How is she going to get hurt? The guy who asked her out would be the one to get hurt, even though he had no right to ask her out, since he knows she is going out with you.
Please tell her but don’t push her too hard. I was sincerely in love but the guy was going so insane he pushed me away. All he had to do was relax and it would have been what he wished.
what ever loser
why are you worried about what your girlfriend is going to do? Do you have any reason to doubt her faithfulness to you? & that mutual “friend” isn’t a very good friend now is he? If he was a true friend to any of you, he would have never put you guys in that situation (especially if he knows how you two feel about each other).
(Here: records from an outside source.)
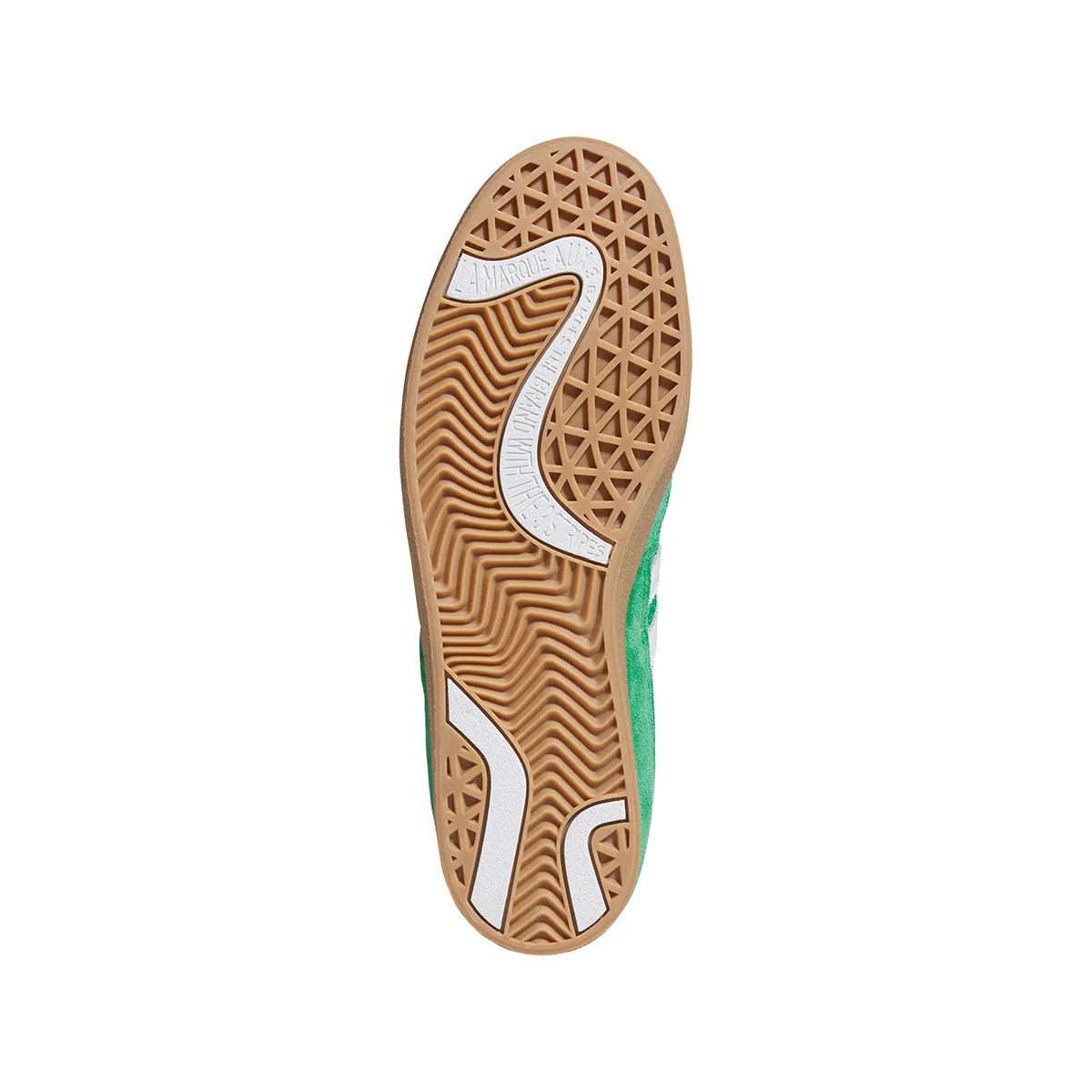 Adidas - Puig Indoor Shoes Green/White/Gum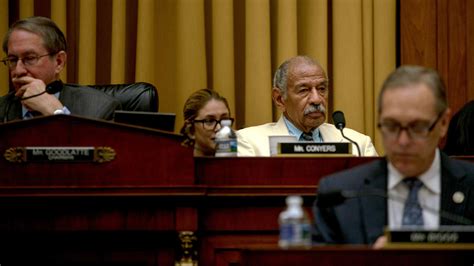 John Conyers To Leave Congress Amid Harassment Claims The New York Times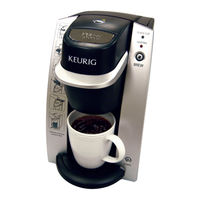 Keurig B130 Guía De Uso Y Cuidado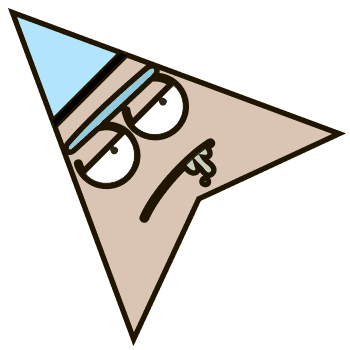 Rick and Morty arrow cursor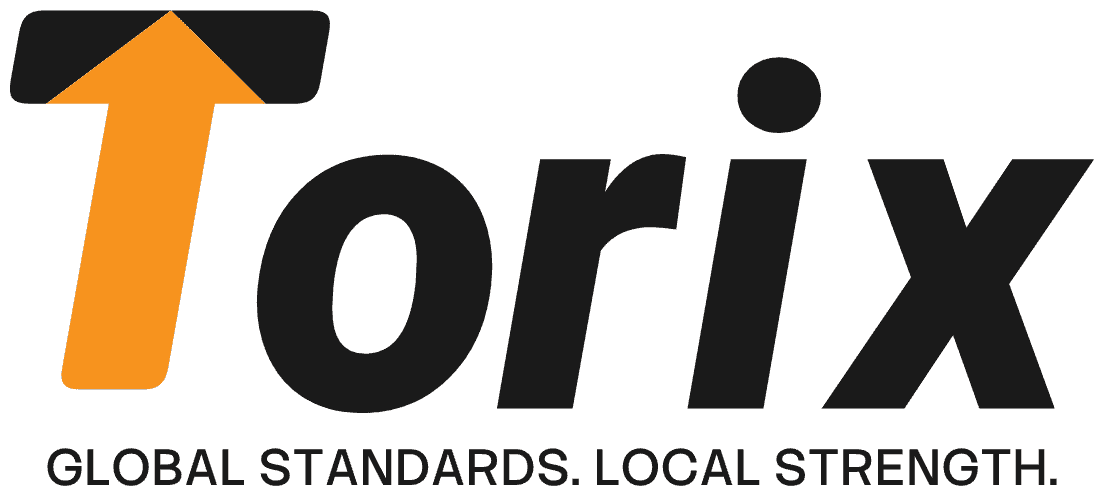 Torix — Global Standards. Local Strength.
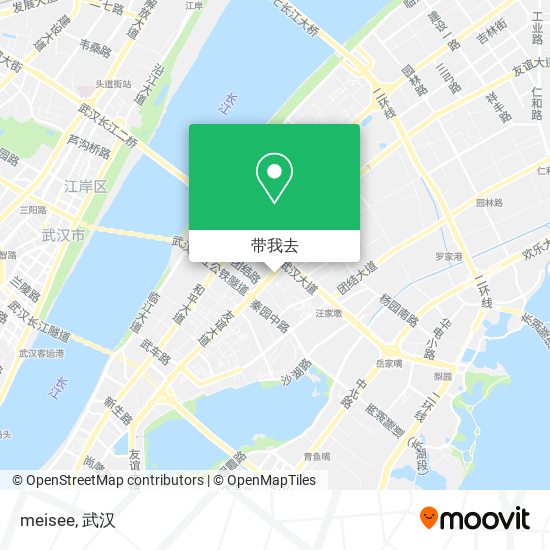 meisee地图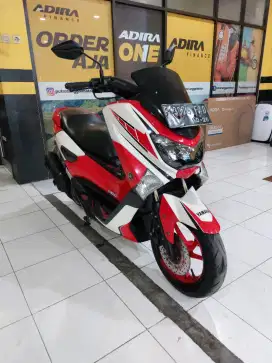 YAMAHA NMAX 155 OLD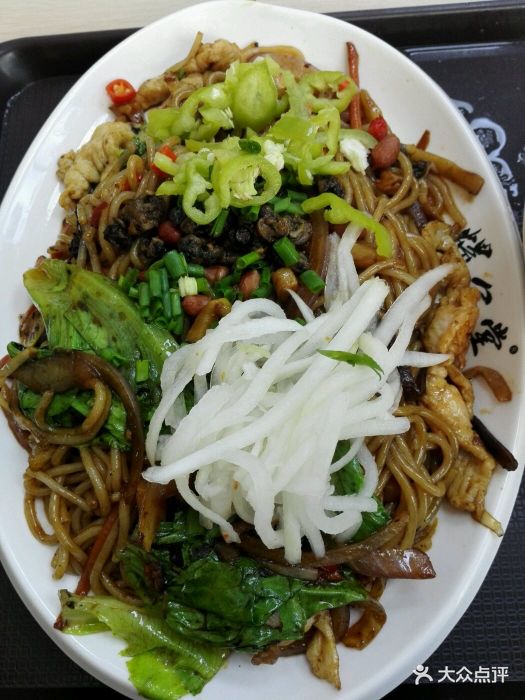 螺公堂(园湖建政店)炒螺蛳粉图片 - 第3张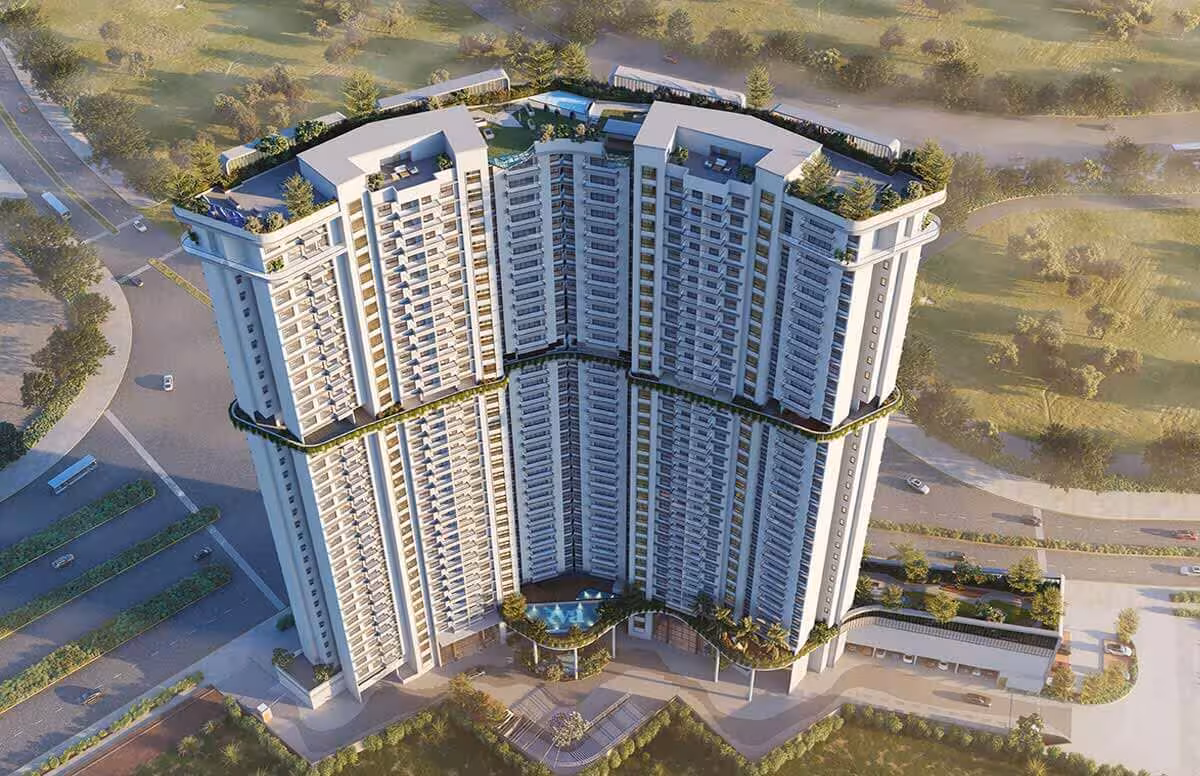 Reva is a premium flats - Gift City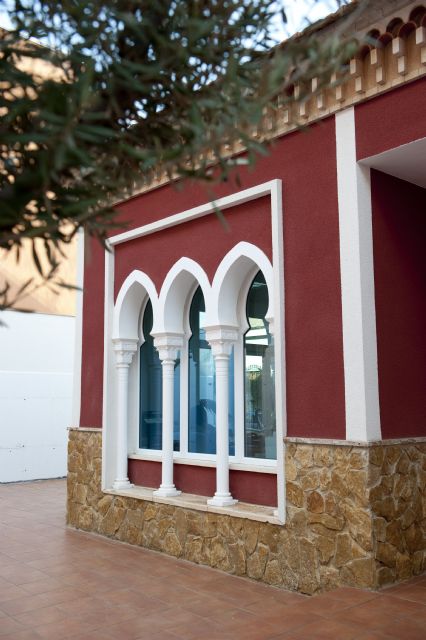 La Casa Ãrabe de Los Dolores abre sus puertas con tres servicios municipales - 3, Foto 3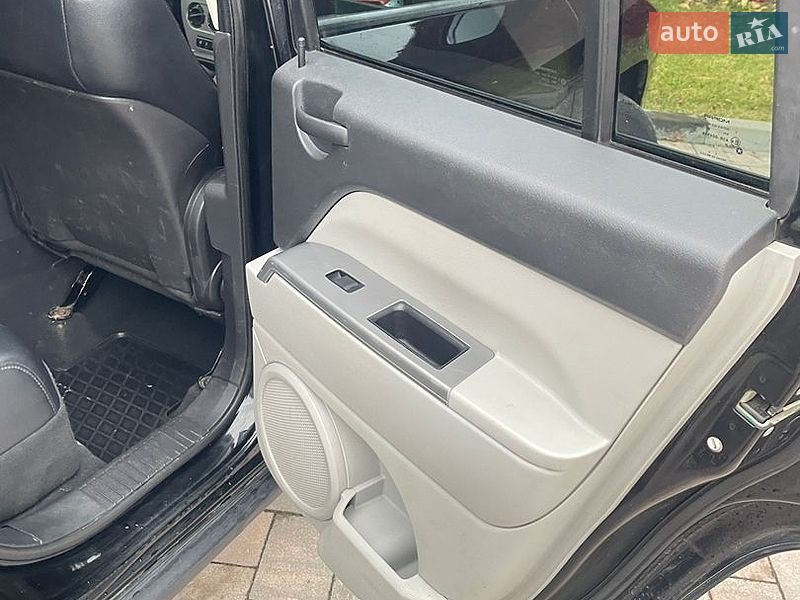 Внедорожник / Кроссовер Jeep Compass 2007 в Ивано-Франковске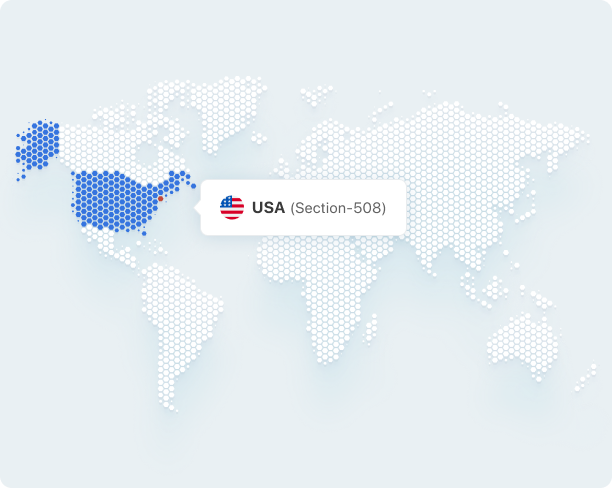 Section-508 map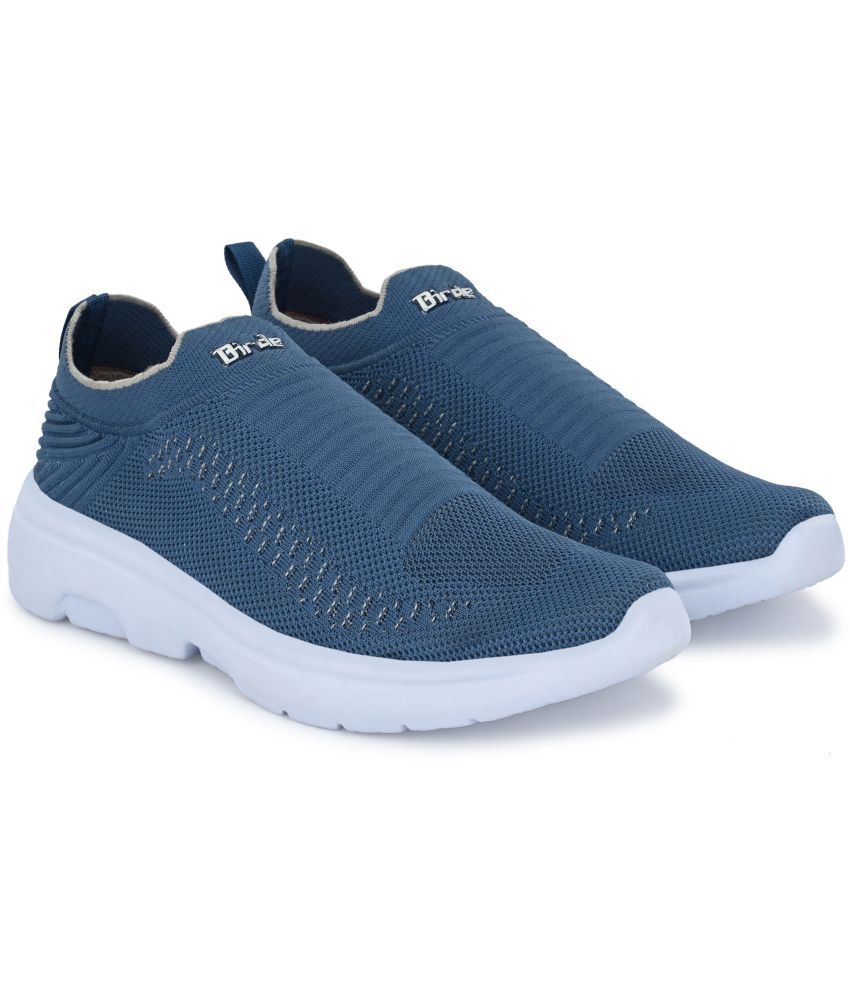     			Birde Blue Men's Sports Running Shoes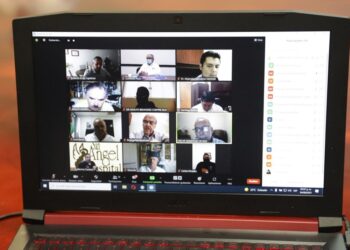 Baja número de pacientes  Covid-19 hospitalizados en Nuevo Laredo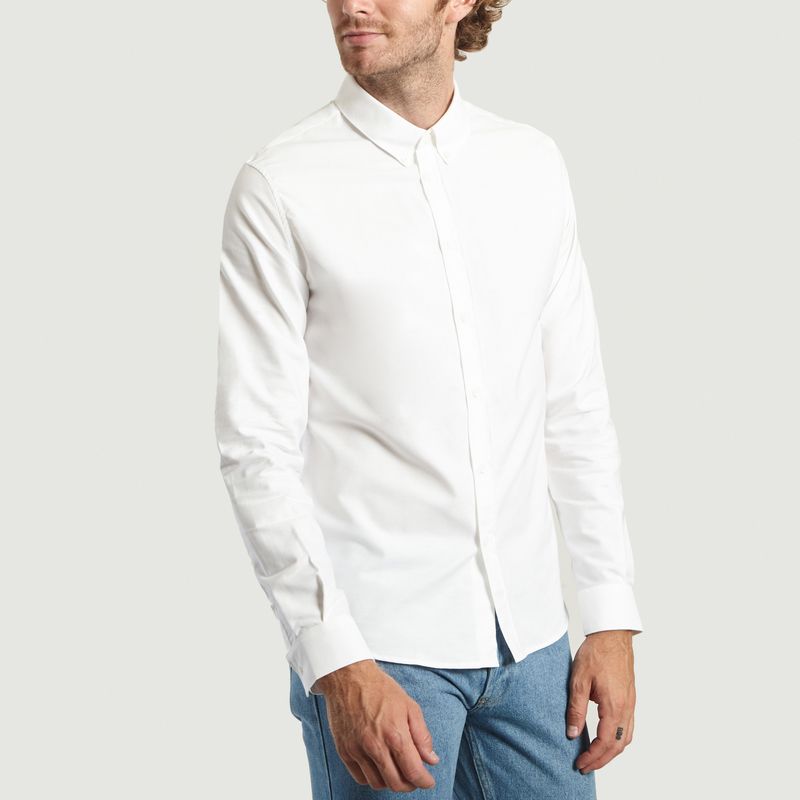 Chemise Oxford - Editions M.R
I think you need to ask yourself why you’re doubting your girlfriend. Ask yourself if you have a valid reason for doing so. If not, then you really have nothing to worry about.. except maybe reevaluating who your friends are. I think you guys should deal with the situation as a unit- like a strong couple would do. & decide about what to do w. your “friend” together also. It was wrong of him to expect her to keep a secret like that from you.
i don’t really think our friend expected it to be kept a sectret cuz we really close n tell each other everything .
ma g/f said not to let on that i knew tho so the friend don’t know that i know…. n they are a friend i know it don’t sound like it but there like really close n stuff….. i hate them for puttin us in this position but i luv them cuz they my friend
xx
ur girlfriend sounds like ur own true friend. what ur gf does is her own decision and if she chooses to cheat she out herself in the awkward situation, not you.
dont u feel u deserve someone who will treat u with respect?
any way you slice it… if your friend wanted your girlfriend to cheat on you… it’s wrong. period. I think you need to acknowledge that. & if your friend didn’t expect it to be kept a secret.. why would you pretend that you don’t know about it?
I think you should talk to your friend about it.
If your friend was a decent one, they wouldn’t want your girlfriend to cheat on you. they would want what is best for you both as a couple. and to do what he did is wrong.
I don’t think you should consider this person a friend anymore.
yep but u can’t help the way u feel n my friend just felt sumfin ma g/f n i don’t think u can help that….
srox wrote:
.. why would you pretend that you don’t know about it?
to not make it awarkd btwn us n it was valtines day lol
lol, so your friend wanted your girlfirend to cheat on you on valentines day of all days? I really don’t think that’s a good friend. But you and your girlfriend seem set on keeping this person in your lives, so in that case I suppose you should have everything out in the open. Talk about it… secrets will feed the negativity of this all. If you want to try and keep this friendship (although I wouldn’t be inclined to do so personally- but I respect your choice) then you guys should talk about it and deal with the problem now, to keep it from further damaging your relationships with each other in the future. Sometimes you like or love people, and they don’t like or love you back. Sometimes, you fall in love with a person who is unavailable (like your friend).. You have to be mature enough to let things go sometimes. I think you’re friend has to grow up a bit & learn to deal with unrequitted love. People don’t always get what they want and it doesn’t give him/her the right to try and damage the relationship between two of his/her closest friends. Your friend should want you and your girlfriend to be happy & not get in the way of your happiness! Good Luck.
and yes, people may not always be able to help how they feel… but they CAN always help how they ACT. & how your friend acted was wrong. Your friend had control of his/her actions.
thanks srox
i’ll talk to my friend
ur a grest help xx
soz ment great! xx
q)
anyone know what words i should use to confort my friend about it??